Si nous ne montrons pas notre puissance en tant que classe ouvrière par des grèves combatives, les capitalistes et leurs gouvernements ne nous prendront jamais au sérieux. Ils continueront à violer nos droits et à détériorer nos conditions de vie. Nous ne pouvons pas faire confiance à la bourgeoisie et à ses gouvernements pour négocier de bonne foi. Pour les obliger à s’asseoir à la table des négociations et à nous prendre au sérieux, les travailleurs doivent faire une démonstration de force.

En effet, dans toute l’Europe, les syndicats ont mené des grèves héroïques et ont obtenu des augmentations de salaire significatives par rapport à l’inflation. Cela montre la voie à suivre. Si nous n’adoptons pas une approche similaire au Canada, les salaires continueront à s’éroder et les moyens de subsistance de millions de travailleurs seront réduits en poussière.
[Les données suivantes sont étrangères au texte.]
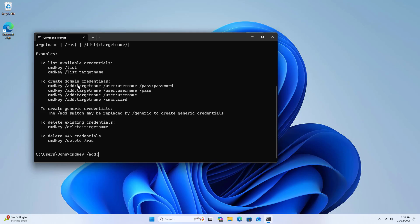Specify the target computer's IP address or name, then the username Admin.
Et les occasions de riposter ne manquent pas. À l’heure où nous écrivons ces lignes, 155 000 fonctionnaires fédéraux regroupés au sein de l’Alliance de la fonction publique du Canada (AFPC) ont entamé la plus grande grève pancanadienne depuis une génération. Comme l’a déclaré le président de l’AFPC, Chris Aylward : « Nous n’avons pas causé l’inflation, nous ne devrions pas avoir à la payer! » Et c’est vrai. Avec l’inflation qui ronge les salaires des travailleurs, aucune convention ne devrait être signée avec des augmentations salariales inférieures à l’inflation. Chaque syndicat devrait exiger qu’un ajustement au coût de la vie soit intégré dans chaque convention collective afin que les travailleurs ne soient jamais poussés à bout.

C’est ce que demande le front commun des syndicats du secteur public au Québec, qui représente 420 000 travailleurs du secteur public. Les syndicats qui négocient avec le gouvernement de droite de François Legault demandent l’indexation de leurs salaires sur le taux d’inflation, ainsi qu’une augmentation salariale de 3% par année pendant trois ans pour compenser l’érosion salariale. Tout ce qui est en dessous de ce taux représente une diminution des conditions de vie. De manière insolente, Legault a fait la contre-proposition de ne pas indexer les salaires et d’accorder une simple augmentation de 9% sur cinq ans! Legault insiste manifestement pour appauvrir davantage les travailleurs. Si le gouvernement refuse d’écouter, notre mot d’ordre doit être : EN GRÈVE JUSQU’À LA VICTOIRE!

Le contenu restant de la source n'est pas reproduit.